La crisis del PAN no tiene su origen en Ricardo Anaya o en la Presidencia de Calderón o de Fox. El PAN decidió ser un partido diferente después de la elección de 1988, porque pensó que la alianza con su contrincante más perverso le beneficiaba. Prefirió el poder y olvidó la coherencia. Su crisis de hoy es retrato de esa decisión.

Por eso, no es extraño que haya pactado tantos nombramientos, acuerdos, leyes y reformas con el PRI durante las últimas tres décadas, acuerdos que pocas veces significaron un beneficio para la ciudadanía en el largo plazo.

Aquella decisión posterior a 1988 –el poder justifica los medios- enfrenta y pone en crisis a un partido porque ansía el poder por el poder. Se ha convertido en partido donde un reducido número de senadores se alían con el PRI para beneficiarse o beneficiar a su grupo, por más que ello sea incoherente conforme a los intereses e ideología de su partido. No se trata de cualesquiera senadores. Todos ellos responden al grupo político de un expresidente que insiste en colocar a su esposa como candidata a la presidencia y que ha amenazado con abandonar el barco de Acción Nacional si sus deseos no se cumplen. Navegan con bandera de liberales, pero su cinismo los delata como negociadores por conveniencia propia.

Del otro lado no hay un estadista. Una serie de conservadores miopes impulsa la candidatura de un joven que es producto del sistema que actualmente gobierna al país.

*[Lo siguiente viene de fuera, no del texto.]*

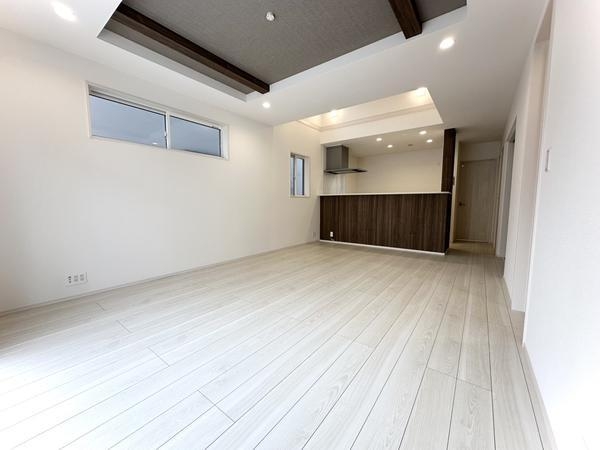 沼津市大岡新築分譲住宅全4棟　2号棟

Un dirigente que no entiende que no entiende.

Anaya es alguien que se dice furibundo crítico del gobierno, pero estuvo dispuesto durante cinco años a cumplir cuanto capricho quisiera el gobierno; que critica a un dirigente de oposición por ser dueño de su partido, pero que no paró de aparecer en spots de su partido para posicionar su imagen; que critica la disidencia de sus compañeros de partido, pero que no dudó en borrarlos de toda discusión y decisión siempre que tuvo la oportunidad. No se trata de un director de orquesta, sino de un solista que confunde tonos y sonidos, pero que lo ignora. Que es títere del sistema, pero que cree que dirige una obra de teatro. Este año, sin ir más lejos, su candidata (suya y de nadie más) quedó en cuarto lugar en el Estado con mayor número de electores. Y su sonrisa falsa nunca desapareció. La noche de la elección se dijo ganador (no se sabe muy bien de qué), a pesar de que los números lo contradecían de manera fulminante. Sus intereses están por encima de toda coherencia, y por encima de su partido.

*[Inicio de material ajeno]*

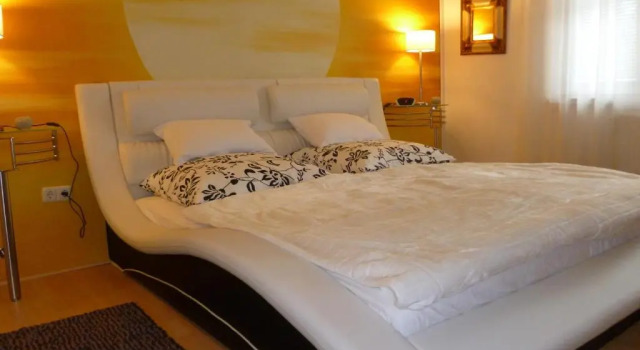 Appartamento 3 camere Ferienwohnungen Klosterblick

El problema de Acción Nacional no es, per se, la búsqueda del poder. Todo partido político lo busca por antonomasia. Pero el PAN ha preferido el poder sin importar los medios y sus bandos internos no distinguen si ello implica venderle el alma al diablo o fortalecer su partido. Y ahí radica su crisis: no saben qué hacer con el poder y su búsqueda los vuelve locos.

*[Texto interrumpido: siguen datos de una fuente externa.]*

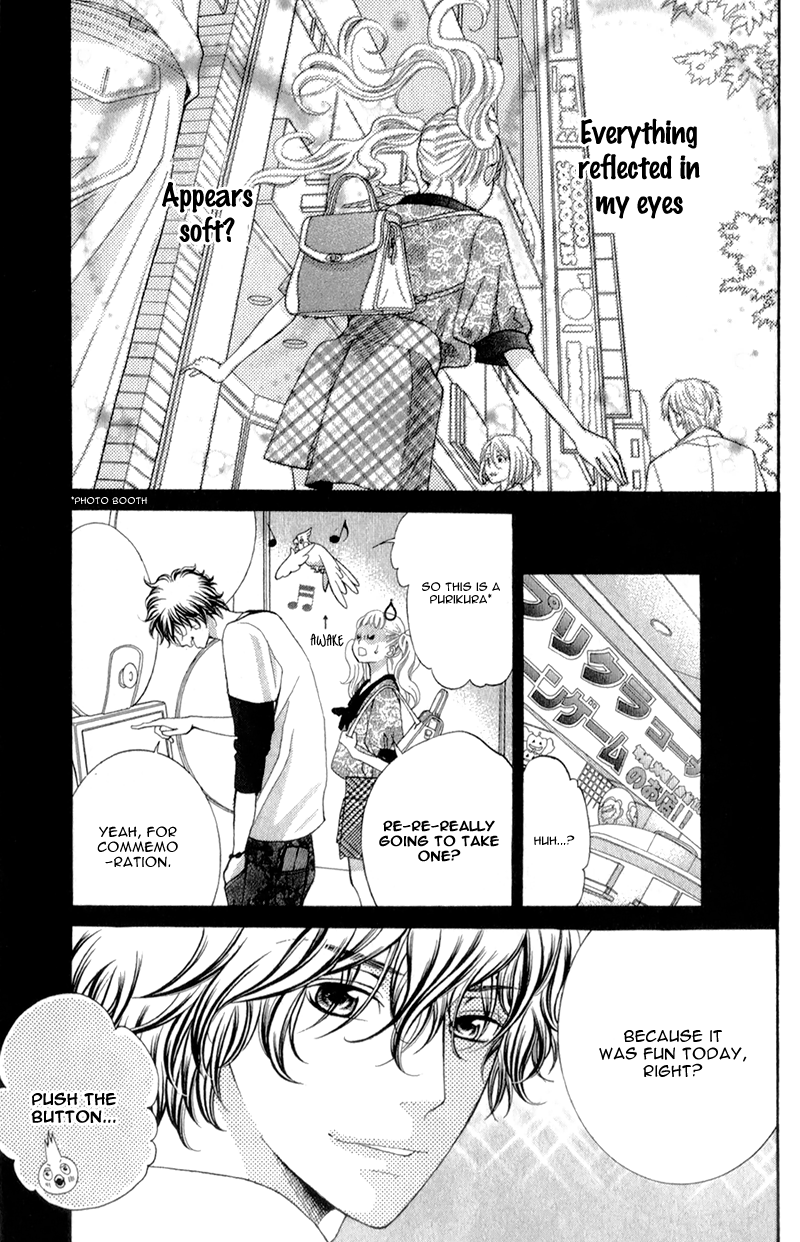 Kyou no Kira-kun Magic Time 第24页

La crisis de Acción Nacional no es buena noticia para este país. Sería preferible ver a un partido de derecha que aglutinara preferencias y no que evitara la crítica; un partido que arrinconara al dinosaurio para transformar al país y no que lo acariciara para continuar sumiendo el barco; un partido de oposición en lo sustancial, y no un apéndice de una cultura de corrupción, oportunismo y decadencia.

Los integrantes de Acción Nacional tendrían que decidir entre alcanzar el poder con el PRI como aliado o alcanzarlo a partir del partido. Los nombres, en última instancia, son lo de menos. Si Acción Nacional alcanza el poder o sigue cogobernando con el PRI –preferentemente en el legislativo- logrará ganar la presidencia o algunos Estados, pero no acabará con el sistema priista de gobernar. Ese sistema en el que hay una moneda que lo puede todo: la corrupción y el voraz dispendio del presupuesto.

El sistema político mexicano no necesita más o menos partidos, sino partidos distintos y no parece que Acción Nacional quiera ser uno de ellos. No con estas mulas que aran el campo ruinoso de la derecha mexicana.